We will include cohort studies with children with active tuberculosis identified after the time point that the screening test was applied. Especially with studies performed in settings of intended use, the collection of specimens and conduct of the reference standard may occur some time after the screening test was done. In low resource‐settings, this process may take weeks. However, a longer time between the index test and the reference standard would make us less sure that the target condition did not change between the two tests. We will address this issue in the QUADAS‐2 domain 4: Flow and timing and with a sensitivity analysis (see Sensitivity analyses).

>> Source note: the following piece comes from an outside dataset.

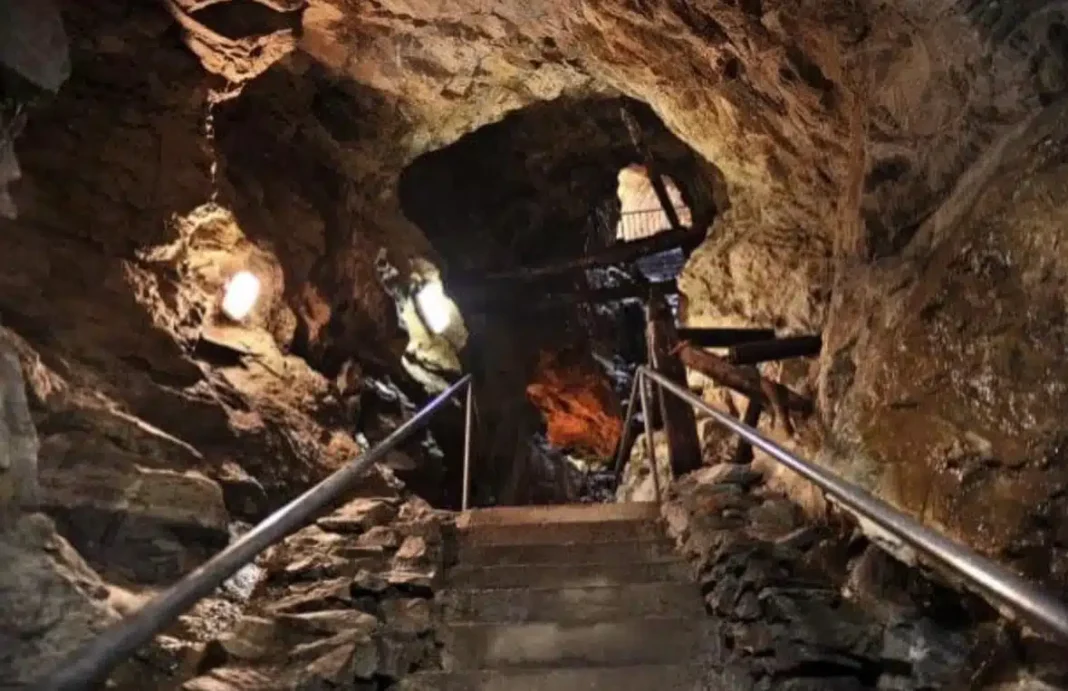 Stone steps and handrails leading into an illuminated underground chamber at Glengowla Mines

We will exclude case reports and case‐control studies, the latter because of the high risk of bias in diagnostic accuracy studies (Rutjes 2006).

Participants

We will include studies enrolling HIV‐positive and HIV‐negative children younger than 15 years old not known to have active tuberculosis prior to screening. We will exclude studies if they include older children and we are unable to extract data for children younger than 15 years old from the publication. We will include children in the general population in high burden settings, children living in areas of high tuberculosis burden, and high‐risk groups, including children younger than five years old; children living with HIV; children with recent exposure to a person with active tuberculosis; and household, school, or other contacts of a person with active tuberculosis. We will include studies in which children are screened only once and studies that report longitudinal screening with repeated screening tests at predetermined intervals.

Index tests

For symptom screening, we will include studies that assess symptoms of tuberculosis or combinations of symptoms as described by the primary study authors. Symptoms of active tuberculosis in children may include cough, fever, decreased appetite, weight loss or failure to thrive, and fatigue or reduced playfulness. Older children may experience symptoms similar to those in adults and include persistent cough, haemoptysis, and weight loss, fever, night sweats and fatigue. The threshold was presence or absence of symptoms.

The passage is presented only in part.